The World Health Organization confirmed Thursday that more than 100 attacks targeted health services in Ukraine, demanding that humanitarian aid reach the city of Mariupol, which is besieged by Russian forces.
“To date, the World Health Organization has verified 103 attacks on health services, with 73 dead and 51 wounded, including medical personnel and patients,” WHO Director-General Tedros Adhanom Ghebreyesus said during a press conference, expressing regret for this “grim” toll.
And 89 of these confirmed attacks affected health institutions, and the rest were transport vehicles, most of them ambulances.
The Director-General expressed “outrage at the continued attacks on health services,” recalling that they constitute “a violation of international humanitarian law.”
“The World Health Organization has been able to deliver life-saving supplies in many affected areas, but it is true that access to some of them is still very difficult,” the WHO Regional Director for Europe, Hans Kluge, said at a press conference in Lviv in western Ukraine.
“I think the priority is clearly Mariupol,” he added.
The city has been surrounded by the Russian army and its separatist allies for weeks, facing fierce Ukrainian resistance.
The two sides stress that the humanitarian situation there is catastrophic, the city is widely destroyed, and there is great concern regarding the fate of its civilians, knowing that it had more than 400,000 people before the Russian invasion.
On Wednesday, Ukrainian President Volodymyr Zelensky accused Russia of obstructing the delivery of humanitarian aid to Mariupol to hide the “thousands” of victims.
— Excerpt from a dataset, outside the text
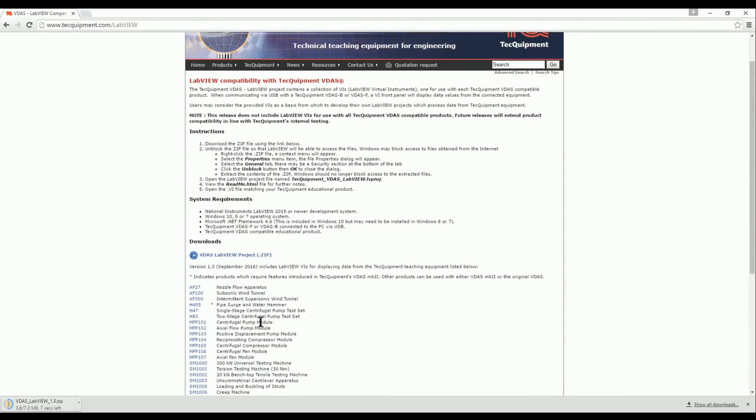The LabVIEW project is packaged in a zip file. It can be downloaded now but we shouldn't extract its contents yet.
Kluge stressed that the World Health Organization “has so far been able to deliver 185 tons of medical supplies to the most affected areas in the country, reaching half a million people.”
The WHO official did not specify who was responsible for the attacks on health services in Ukraine, stressing that the organization “does not have the authority” to do so.
The UN official expressed concern regarding the future, while Russia is massing its forces in eastern Ukraine for a possible new offensive.
He said the WHO was “looking at all scenarios, from continuing to treat victims collectively” to “chemical attacks”.
Kluge admitted that “there is no guarantee that the war will not get worse.”